According to a different mama, "there'll be days like this." You know, when the train doesn't come or the bus splashes you or someone steals your taxi. Bad days, the blues, the pits—whatever you call them, we all have them. And Mama Meena's, a Filipino restaurant in Woodhaven, has the cure. It's a sunshiny place serving sunshiney food.
We started with lumpia Shanghai ($6), miniature spring rolls stuffed with pork and served with a bright chili sauce. These were a poppable bar snack, crunchy and meaty. To drink, we had a freshly made, utterly ordinary mango juice ($2) along with a freshly made, absolutely extraordinary melon juice ($2). Shreds of cantaloupe twirled beneath crushed ice, revealing depths of orange and refreshment of which we were heretofore unaware.
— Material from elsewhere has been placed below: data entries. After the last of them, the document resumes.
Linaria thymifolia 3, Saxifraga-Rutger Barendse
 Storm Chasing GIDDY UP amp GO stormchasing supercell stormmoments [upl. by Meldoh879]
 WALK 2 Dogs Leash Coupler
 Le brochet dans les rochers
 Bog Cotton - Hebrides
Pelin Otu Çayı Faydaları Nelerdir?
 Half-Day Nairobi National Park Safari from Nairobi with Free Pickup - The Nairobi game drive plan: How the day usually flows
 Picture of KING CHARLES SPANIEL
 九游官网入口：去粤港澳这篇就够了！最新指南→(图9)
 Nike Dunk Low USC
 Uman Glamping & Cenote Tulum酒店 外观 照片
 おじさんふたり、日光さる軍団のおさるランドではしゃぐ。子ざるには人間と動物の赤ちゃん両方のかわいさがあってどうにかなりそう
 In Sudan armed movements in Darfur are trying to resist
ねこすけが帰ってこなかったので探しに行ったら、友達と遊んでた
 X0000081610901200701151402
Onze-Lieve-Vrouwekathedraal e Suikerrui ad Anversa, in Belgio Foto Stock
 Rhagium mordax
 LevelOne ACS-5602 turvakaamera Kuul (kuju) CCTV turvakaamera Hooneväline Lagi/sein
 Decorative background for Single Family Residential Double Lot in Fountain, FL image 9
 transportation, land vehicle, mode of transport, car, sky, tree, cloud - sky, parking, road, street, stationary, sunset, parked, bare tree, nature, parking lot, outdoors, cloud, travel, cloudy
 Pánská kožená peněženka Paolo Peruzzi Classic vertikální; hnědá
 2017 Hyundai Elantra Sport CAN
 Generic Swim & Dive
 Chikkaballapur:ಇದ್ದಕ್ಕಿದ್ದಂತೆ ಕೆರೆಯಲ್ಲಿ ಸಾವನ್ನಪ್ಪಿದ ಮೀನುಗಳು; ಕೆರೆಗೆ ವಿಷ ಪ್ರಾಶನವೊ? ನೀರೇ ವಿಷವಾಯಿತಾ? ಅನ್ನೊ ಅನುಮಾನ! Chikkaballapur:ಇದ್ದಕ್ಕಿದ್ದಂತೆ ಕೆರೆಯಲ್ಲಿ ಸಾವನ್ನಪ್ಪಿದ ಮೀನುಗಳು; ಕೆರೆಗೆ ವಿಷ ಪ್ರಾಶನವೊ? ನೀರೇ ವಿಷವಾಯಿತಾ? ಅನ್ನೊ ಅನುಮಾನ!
Our chicken adobo ($6.50) wouldn't win any beauty contests. In keeping with the rest of our experience, the soy sauce-vinegar-garlic marinade had rendered the on-the-bone chicken sweet, despite the occasional brackish bite. A Filipina woman sitting next to us ordered the same, then bantered with the waitress-owner-expeditor about Manila in Tagalog.
The pancit bami ($7.50) featured two types of noodles (rice and "yellow"), carrots, shrimp, and chicken, and snow peas, for crunch. Everything fused together into a carbtastic bacchanal. In the interest of research, we attempted to slurp the noodles, but it couldn't be done. Our noodle grease landed on glasses, shirt fronts, and the table. It was fun.
We finished with halo-halo ($5), topped with a scoop of ube (purple yam) ice cream. Halo-halo, or "mix mix" in Tagalog, is a riot of textures, colors, and flavors. This version included red beans, white beans, garbanzo beans, coconut chips, melon pieces, cubes of gelatinous tropical fruit, and shaved ice. Each dip of the spoon offered a surprise, as we never quite knew what combo would come up. The ube tasted like yams, but candied and dense like bubble gum. As it melted, the whole dessert turned lilac.
Mama Meena's takes the "family restaurant" part of its name seriously. When we visited, kids sat in the corner and watched cartoons while their parents took orders. The walls are the color of a farm kitchen in the Midwest, the tablecloths checked. The restaurant puts you in a mood, but not the mood. Here, happy eating isn't a cliché. It's best for: a date whose frown you'd like to turn upside down.